__Exercise description__. Unless a line falls after the one with "PartyDeco Svíčka č.", retype it exactly from the records below; leave out all pictures.

__Dataset records__.
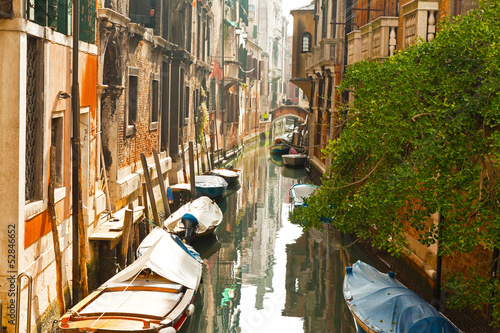 Colorful canal of Venice. Italy.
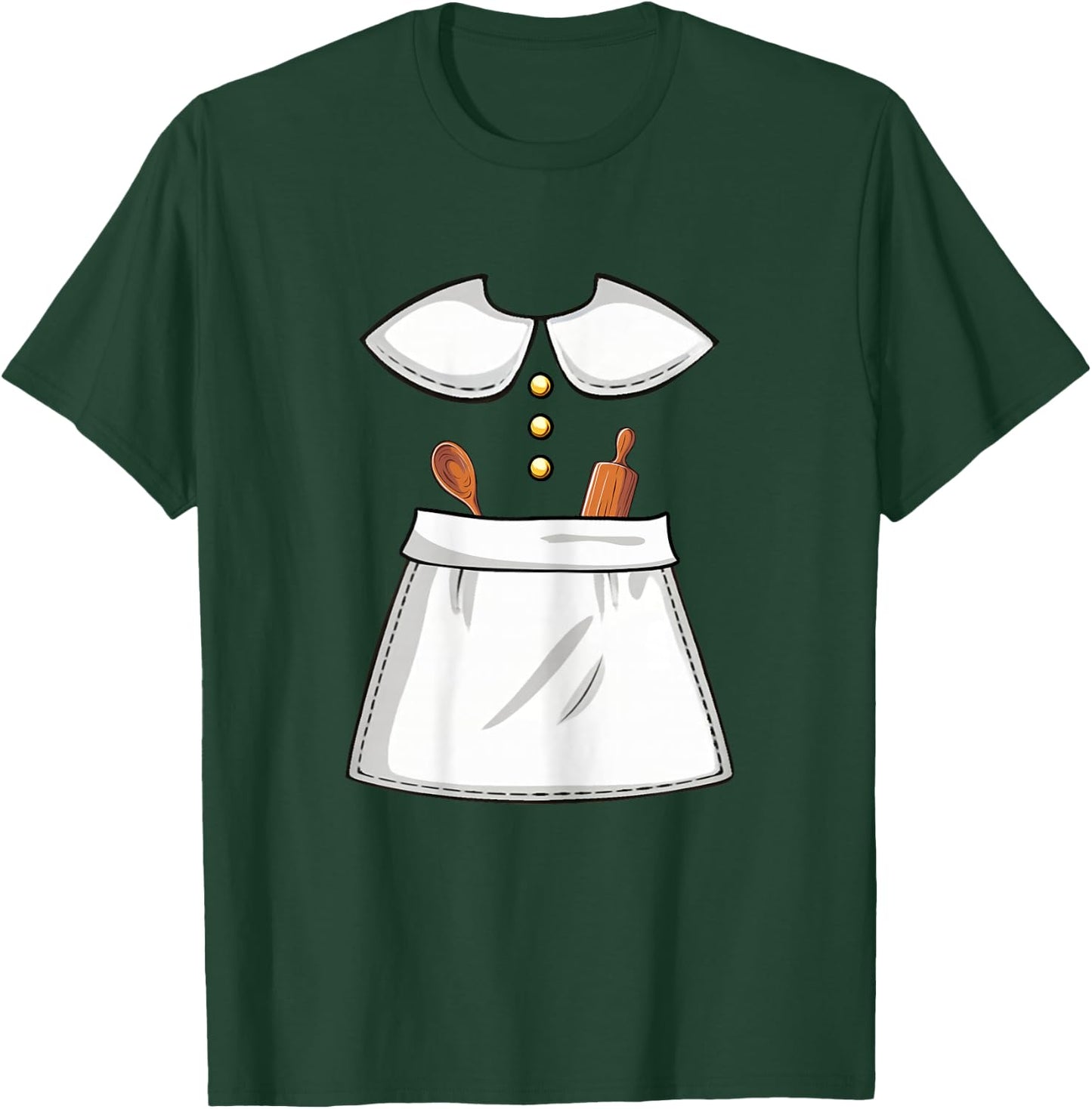 Pilgrim Costume Lady Thanksgiving Turkey Day Women Girls T-Shirt - T-Shirt | Forest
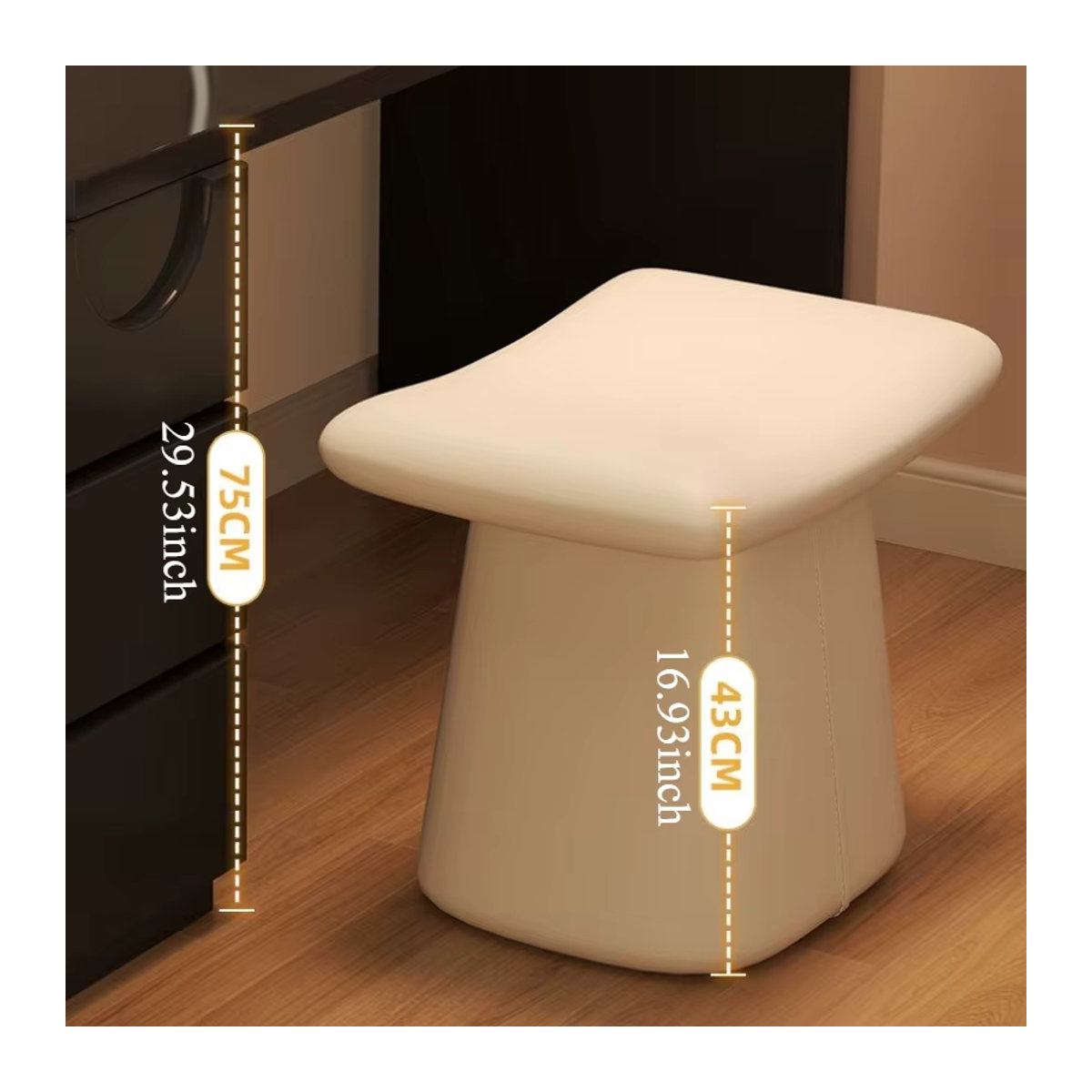 Pier Home Designer-Schminkhocker aus Leder in Weiß mit weichem Sitz für dein Schlafzimmer oder Nagelstudio - Bild 5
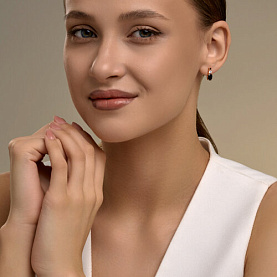 Серьги SOKOLOV - Серебро 925, Гранат, Фианит (арт. 92025327)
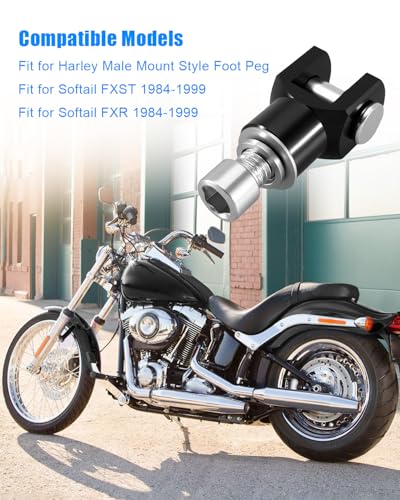 Motorcycle Foot Pegs Mount Supports Footrest Mounting Clevis Hardware Kit 29mm Fit for Harley Davidson FX Softail FXST FXR Low Rider Custom FXLR FXR Super Glide, Male Mount Style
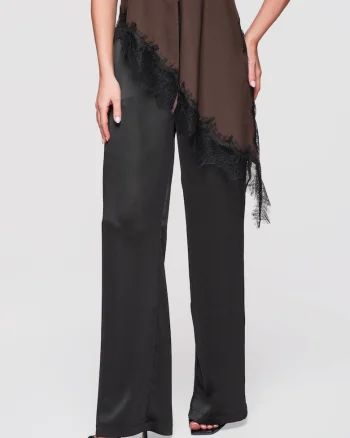 Pantaloni Dama Eleganti cu Talie Medie si Croiala Larga din Satin, Negru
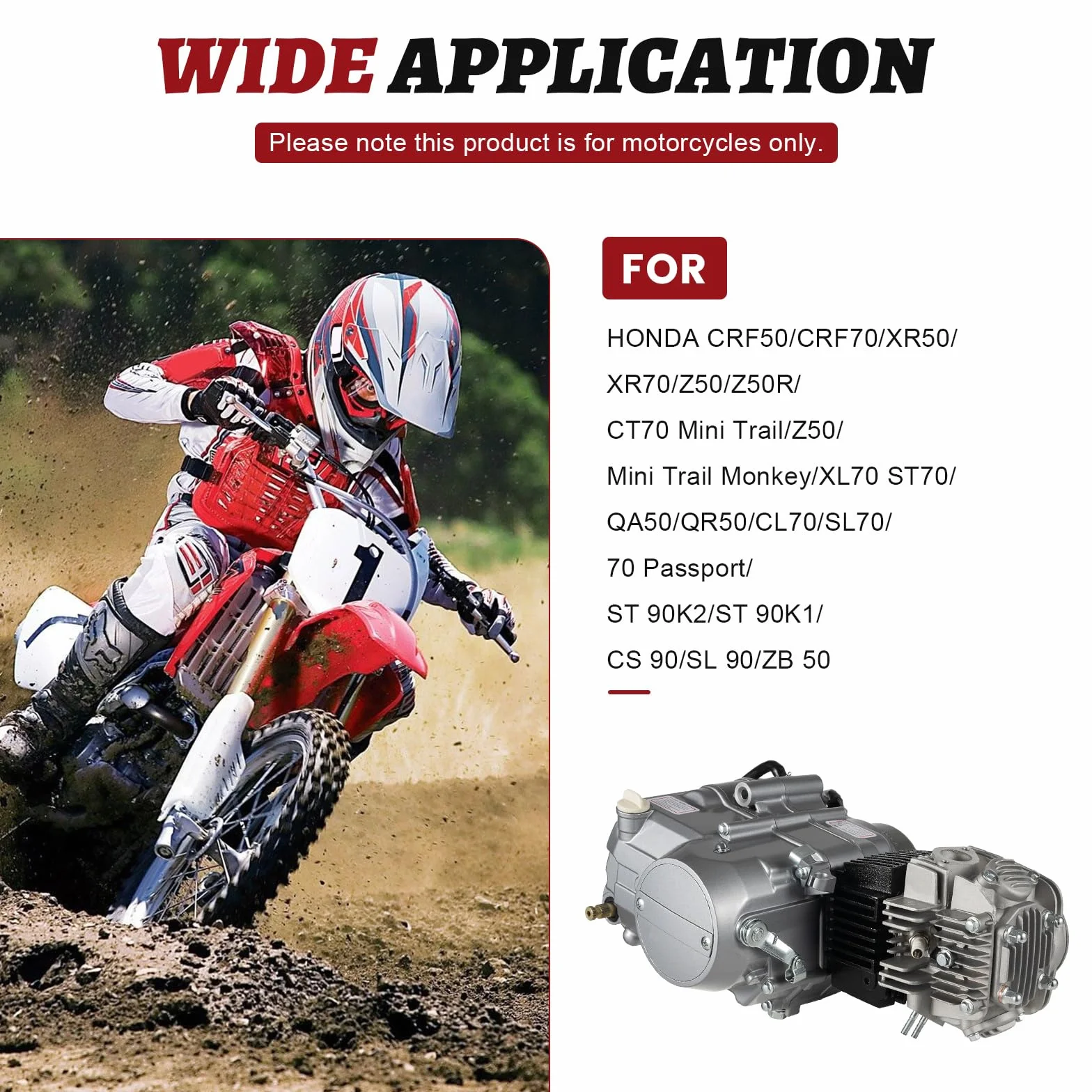Motore a 4 tempi, 4 marce, 125 cc, motore monolocilindrico raffreddato ad aria, con Accensione CDI e serbatoio da 30,43 once per multi modelli di moto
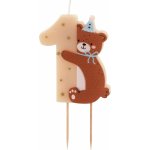 PartyDeco Svíčka č. 1 "Teddy Bear" 7 cm – Zbozi.Blesk.cz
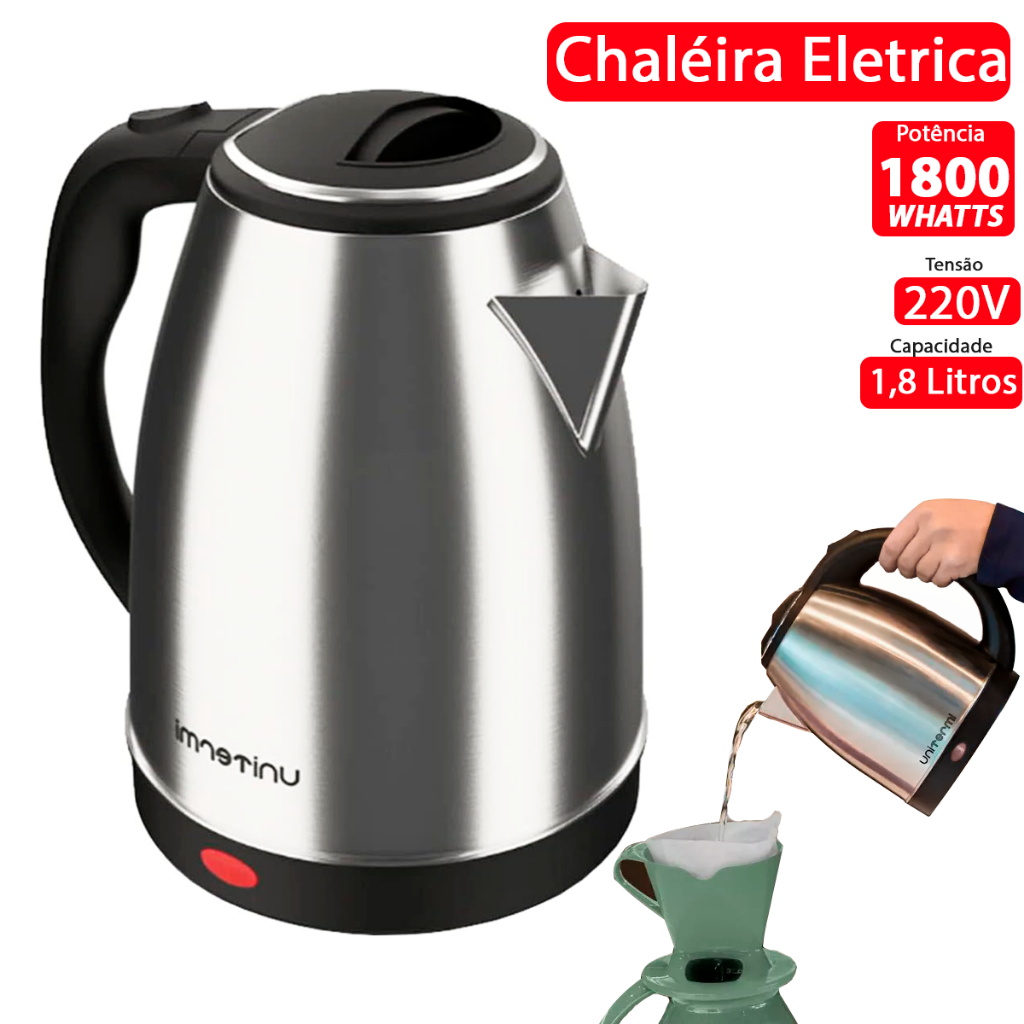 Chaleira Eletrica de Inox Potencia 1800W Tensão 220V 1,8 Litros - Chá e Café Jarra Bule Elétrico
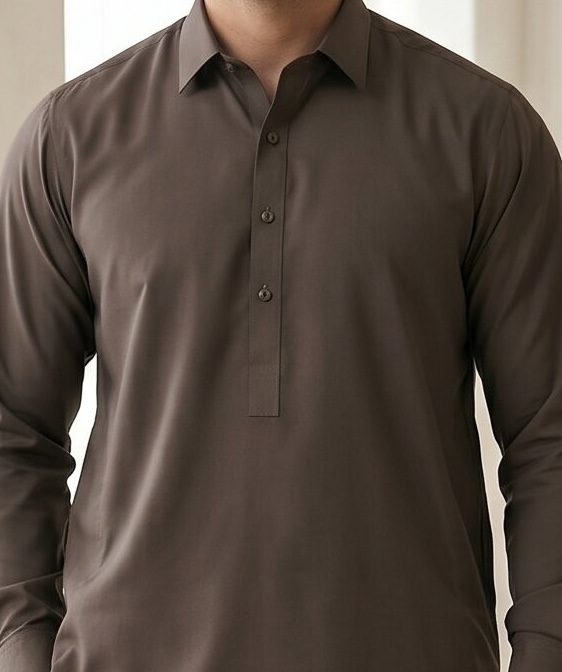 Dark Brown Classic Plain - Men’s Unstitched Wash & Wear Suit 2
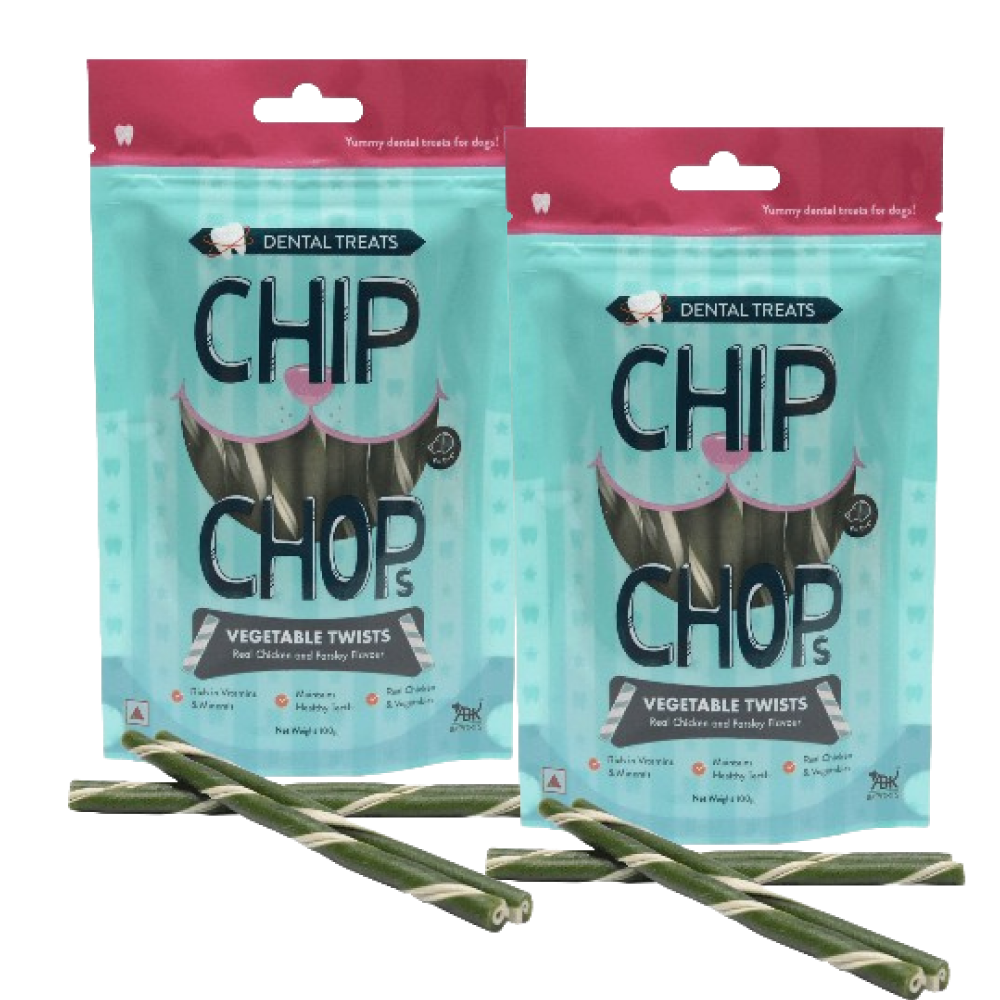 Chip Chops Vegetable Twists Real Chicken and Parsley Flavoured Dog Treats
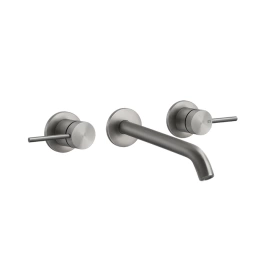 GESSI 316 Встраиваемый смеситель с изливом 200-180мм (внешние части), цвет: steel brushed (54094#239)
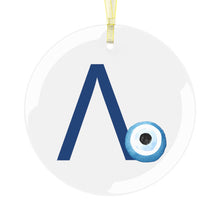 Load image into Gallery viewer, Greek Monogram Glass Ornament: Λ-Lamda Blue Letter With Mati Design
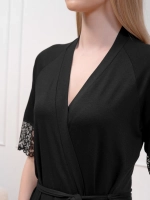 Халат домашний вискоза с кружевом на запах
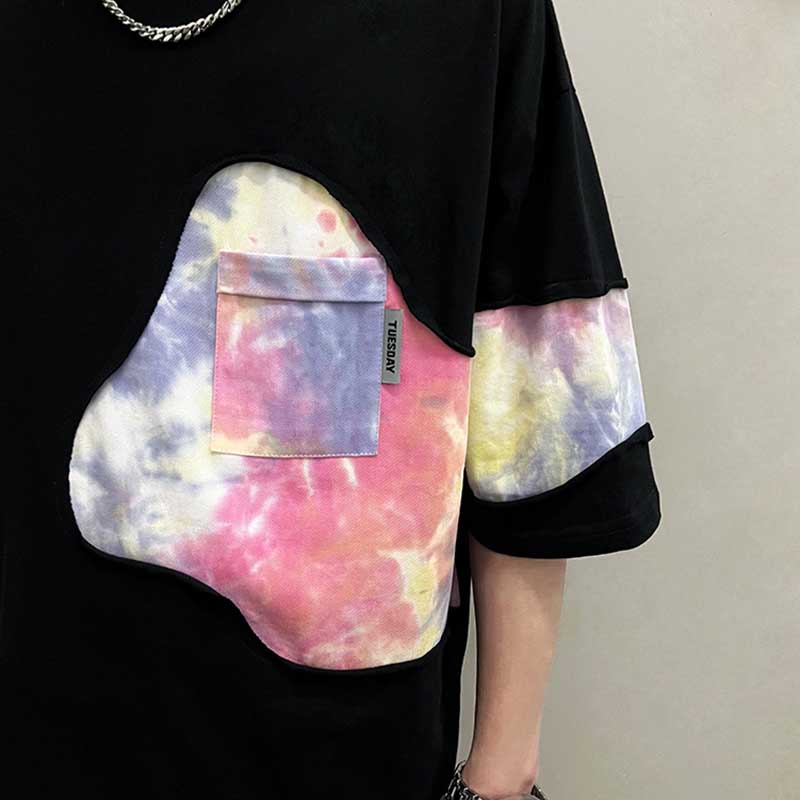 Men's Summer Round Neck Tie-dye Stitching Short-sleeved T-shirt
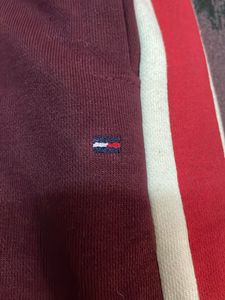 Maroon Sweatpants with Side Stripes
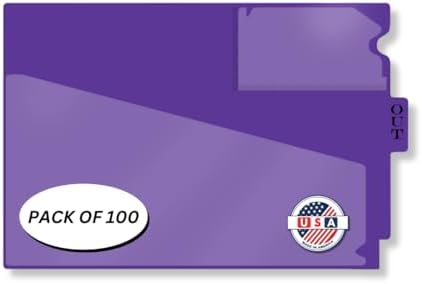 Doctor Stuff - Center Tab Vinyl Out Guides, Diagonal Cut Front Pocket, Top Charge Out Slip Pocket, Plastic File Folder, Letter Size 9" x 13-1/4", Purple, 100/Box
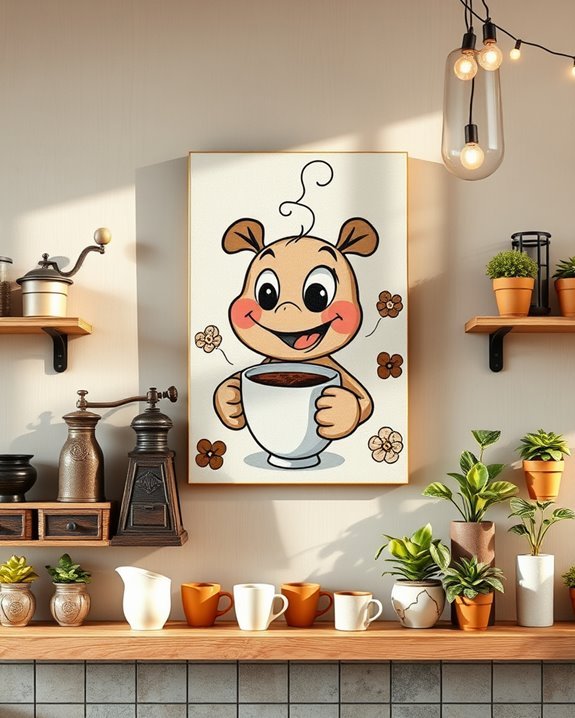 whimsical coffee character art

__Your solution__.
 Colorful canal of Venice. Italy.
 Pilgrim Costume Lady Thanksgiving Turkey Day Women Girls T-Shirt - T-Shirt | Forest
 Pier Home Designer-Schminkhocker aus Leder in Weiß mit weichem Sitz für dein Schlafzimmer oder Nagelstudio - Bild 5
 Серьги SOKOLOV - Серебро 925, Гранат, Фианит (арт. 92025327)
 Motorcycle Foot Pegs Mount Supports Footrest Mounting Clevis Hardware Kit 29mm Fit for Harley Davidson FX Softail FXST FXR Low Rider Custom FXLR FXR Super Glide, Male Mount Style
 Pantaloni Dama Eleganti cu Talie Medie si Croiala Larga din Satin, Negru
Motore a 4 tempi, 4 marce, 125 cc, motore monolocilindrico raffreddato ad aria, con Accensione CDI e serbatoio da 30,43 once per multi modelli di moto
 PartyDeco Svíčka č. 1 "Teddy Bear" 7 cm – Zbozi.Blesk.cz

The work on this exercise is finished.